(Records from a data collection)
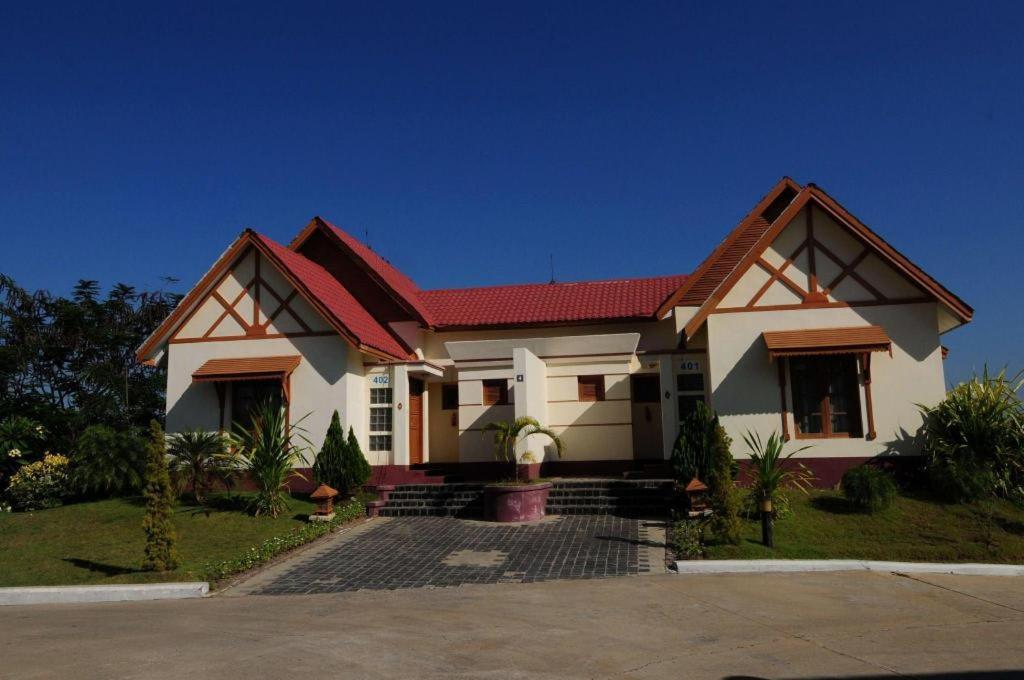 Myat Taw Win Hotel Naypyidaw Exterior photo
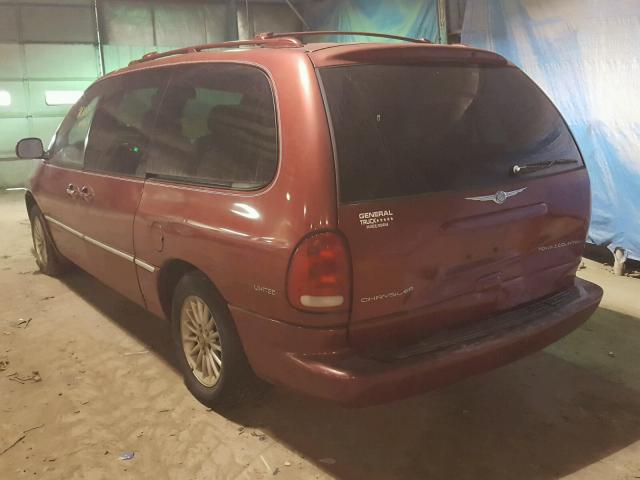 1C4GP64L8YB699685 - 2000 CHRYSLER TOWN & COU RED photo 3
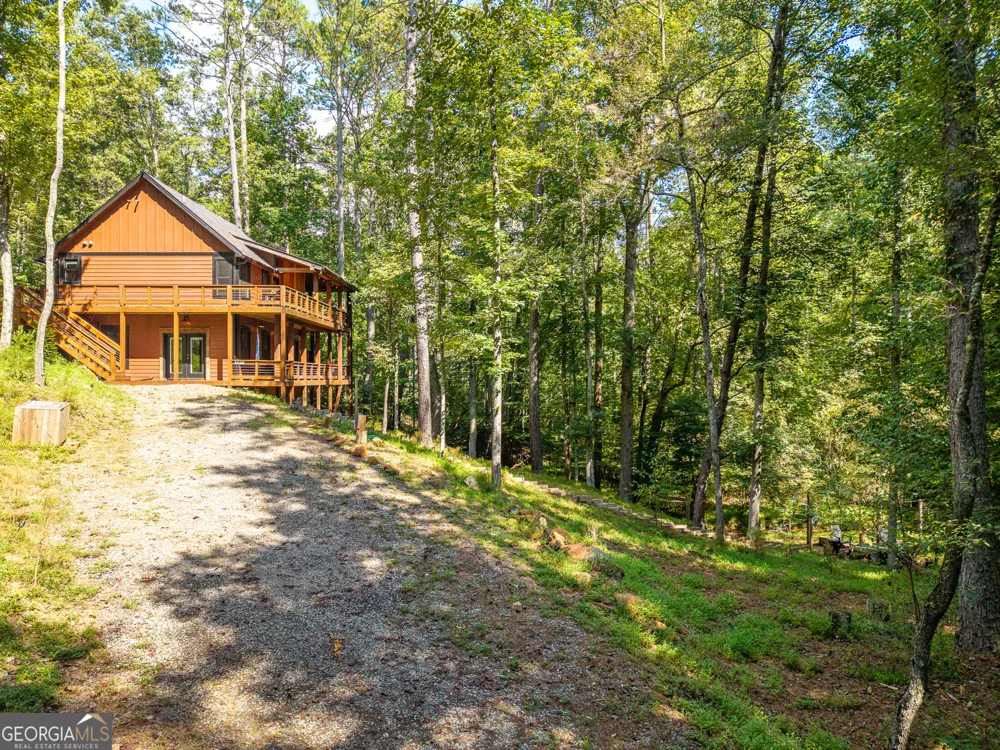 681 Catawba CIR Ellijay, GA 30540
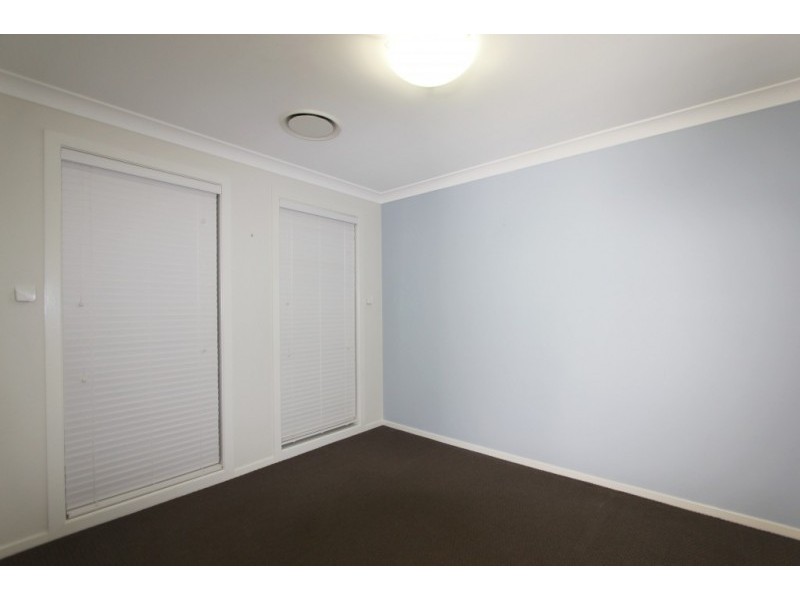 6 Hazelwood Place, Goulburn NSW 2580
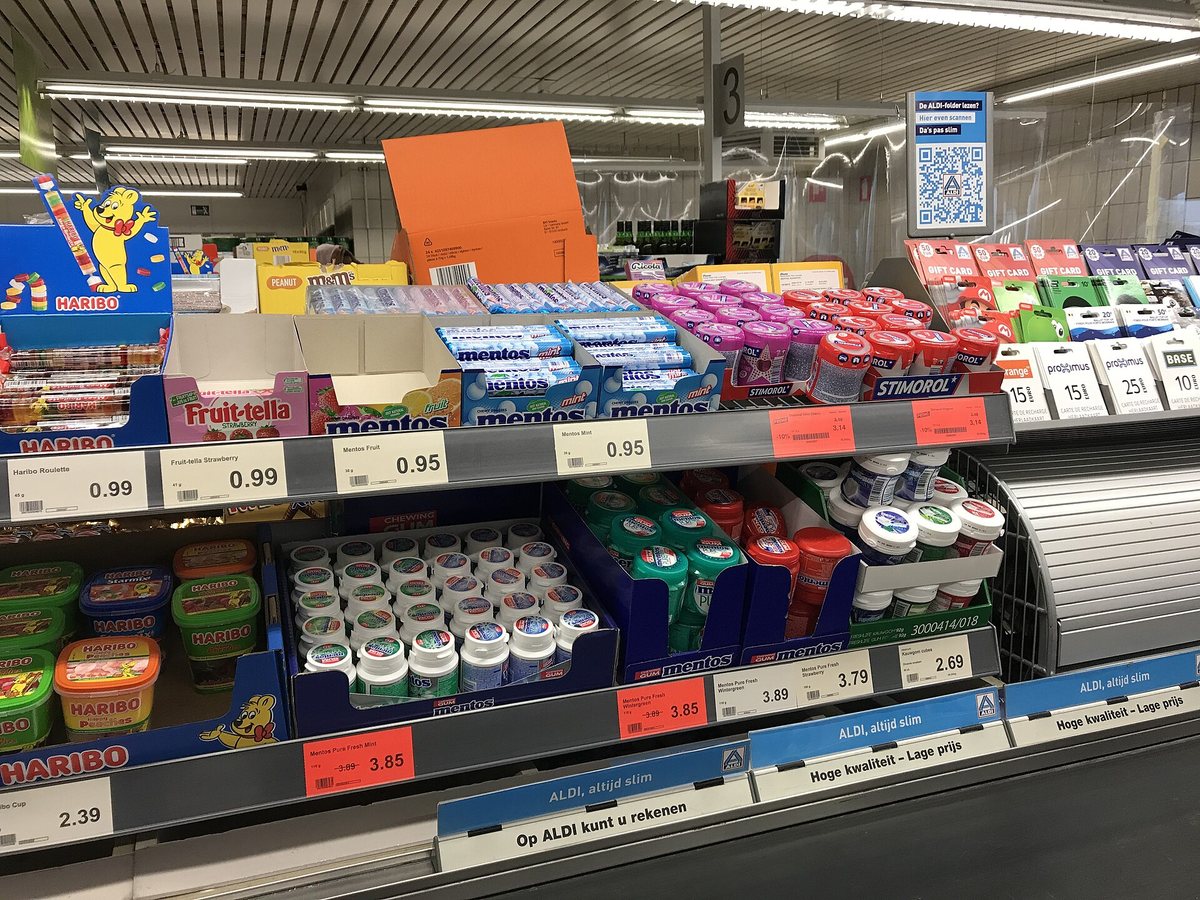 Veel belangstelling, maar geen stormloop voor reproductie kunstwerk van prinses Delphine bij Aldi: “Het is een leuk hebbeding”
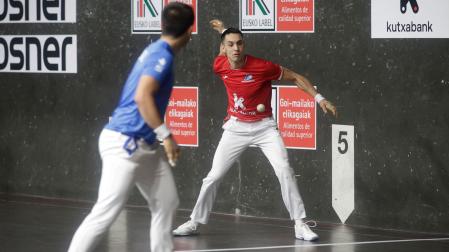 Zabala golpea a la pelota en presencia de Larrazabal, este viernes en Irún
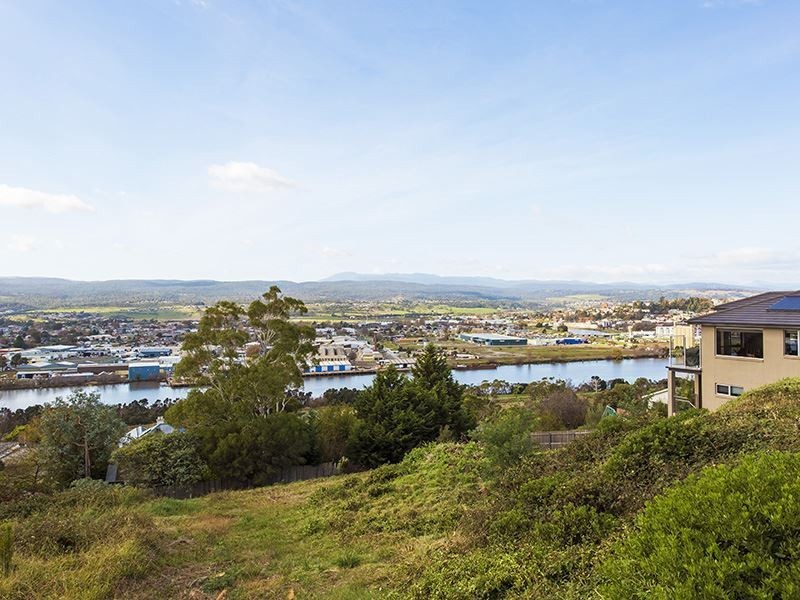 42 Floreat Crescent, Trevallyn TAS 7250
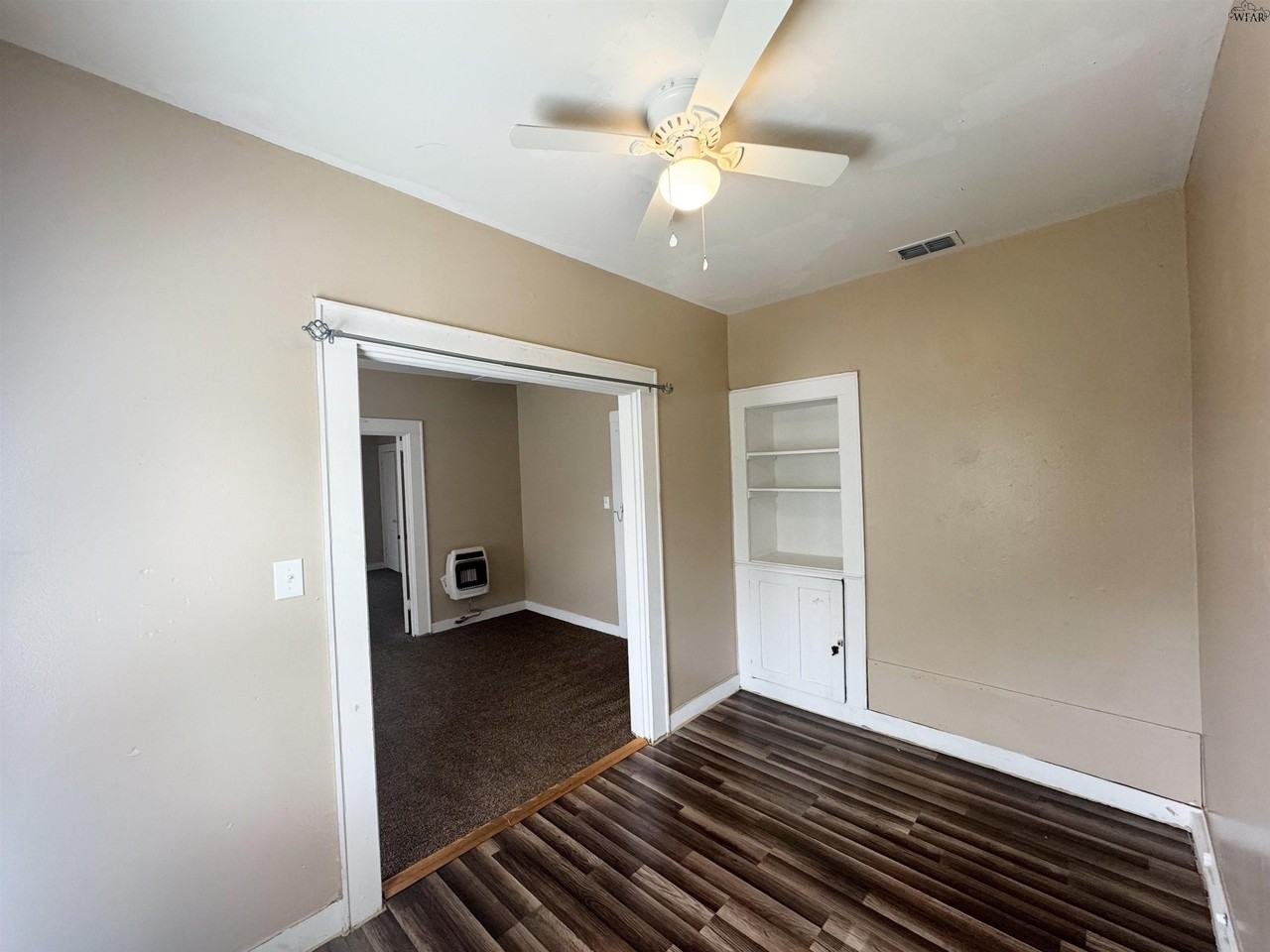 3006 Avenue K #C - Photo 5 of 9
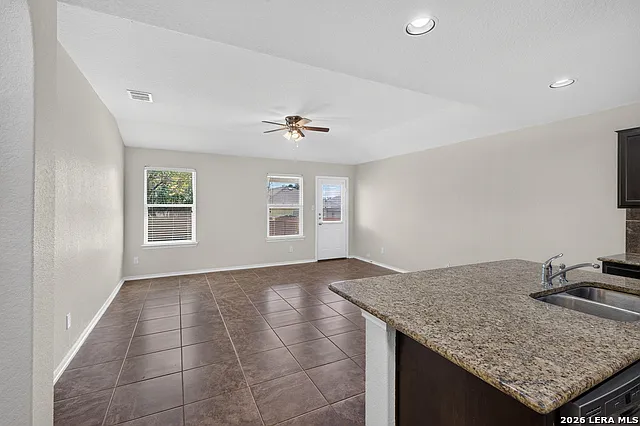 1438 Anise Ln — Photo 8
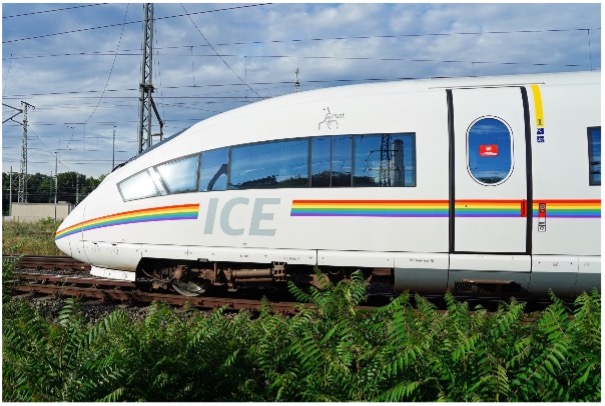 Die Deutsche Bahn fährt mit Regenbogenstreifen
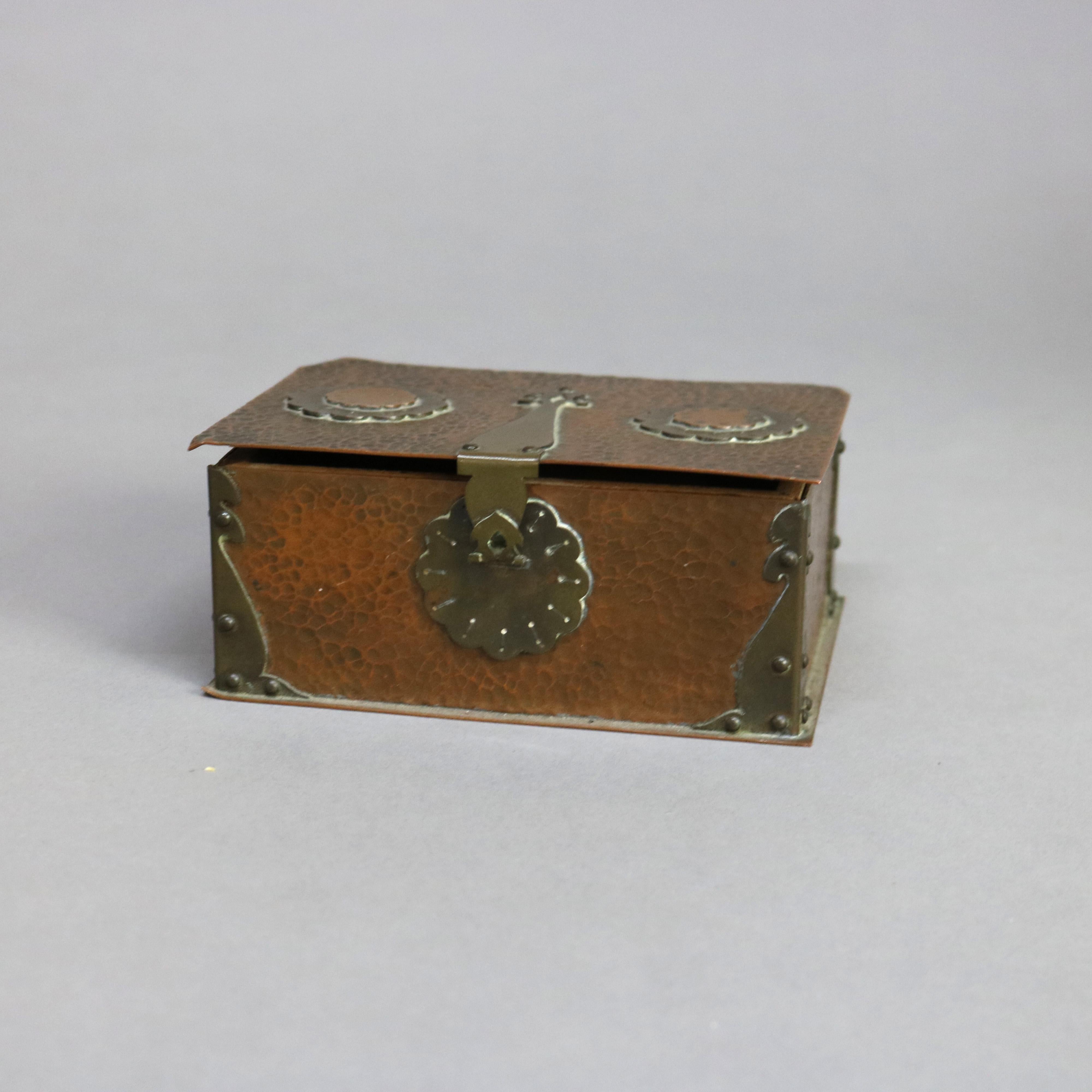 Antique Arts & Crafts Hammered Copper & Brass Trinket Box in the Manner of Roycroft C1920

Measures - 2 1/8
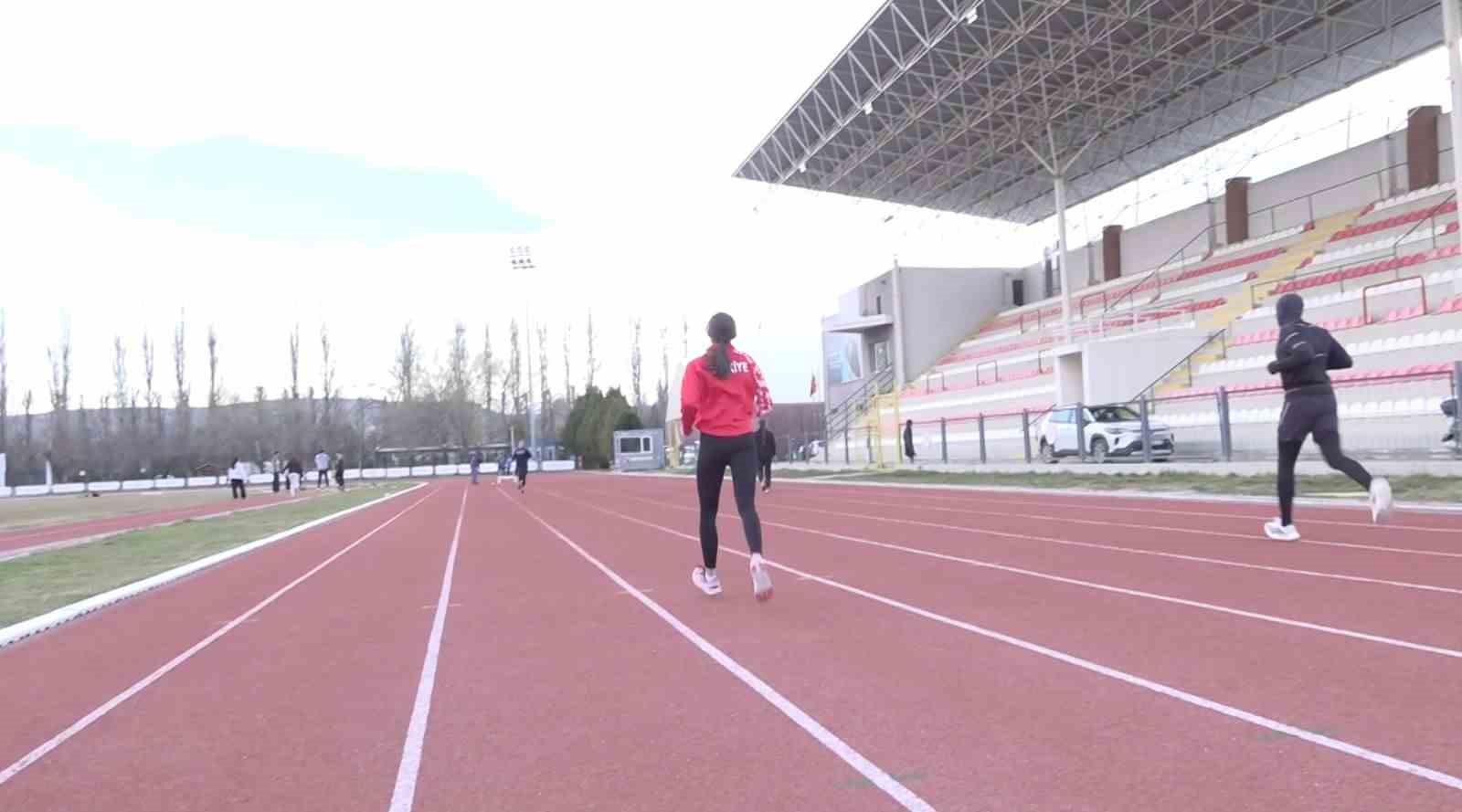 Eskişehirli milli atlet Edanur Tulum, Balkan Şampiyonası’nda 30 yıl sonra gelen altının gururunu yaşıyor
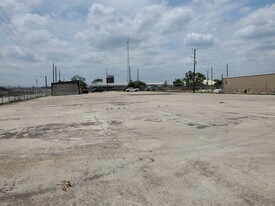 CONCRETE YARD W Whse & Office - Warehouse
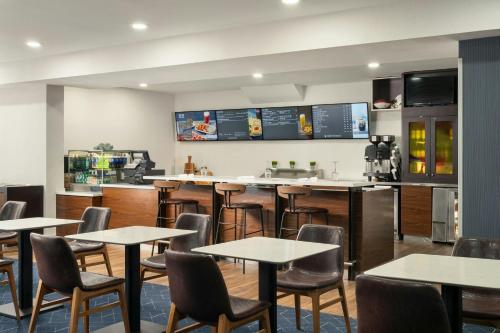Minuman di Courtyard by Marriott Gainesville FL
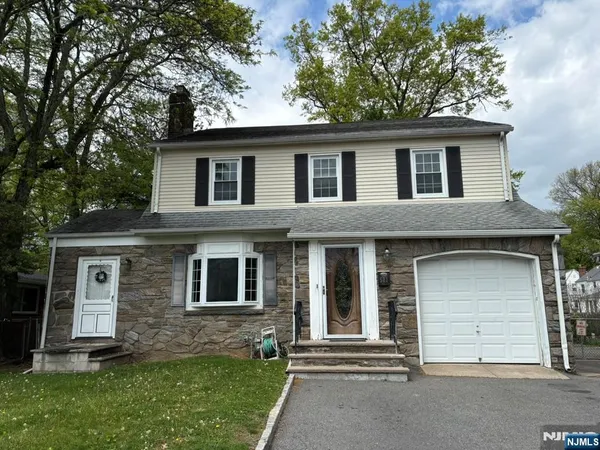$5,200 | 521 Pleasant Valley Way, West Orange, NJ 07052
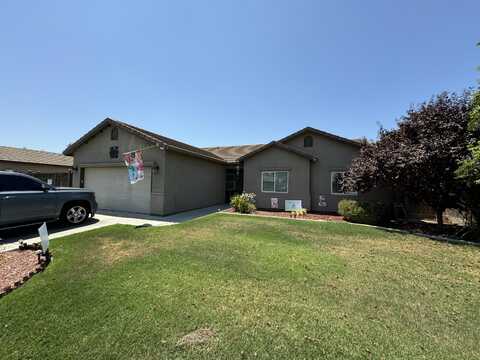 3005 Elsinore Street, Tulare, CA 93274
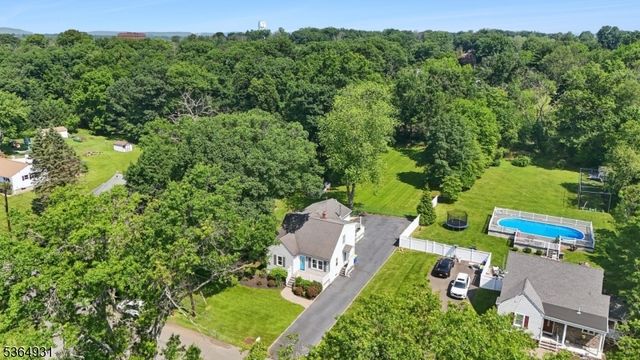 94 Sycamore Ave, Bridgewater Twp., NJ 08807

» **Task directions**
Using the data above, print only the lines starting at the one with "42 Floreat Crescent, Trevallyn TAS 7250" and ending at the one with "CONCRETE YARD W Whse & Office - Warehouse", exactly as they stand, minus the pictures.

» **Completed exercise**
 42 Floreat Crescent, Trevallyn TAS 7250
 3006 Avenue K #C - Photo 5 of 9
 1438 Anise Ln — Photo 8
 Die Deutsche Bahn fährt mit Regenbogenstreifen
 Antique Arts & Crafts Hammered Copper & Brass Trinket Box in the Manner of Roycroft C1920

Measures - 2 1/8
 Eskişehirli milli atlet Edanur Tulum, Balkan Şampiyonası’nda 30 yıl sonra gelen altının gururunu yaşıyor
 CONCRETE YARD W Whse & Office - Warehouse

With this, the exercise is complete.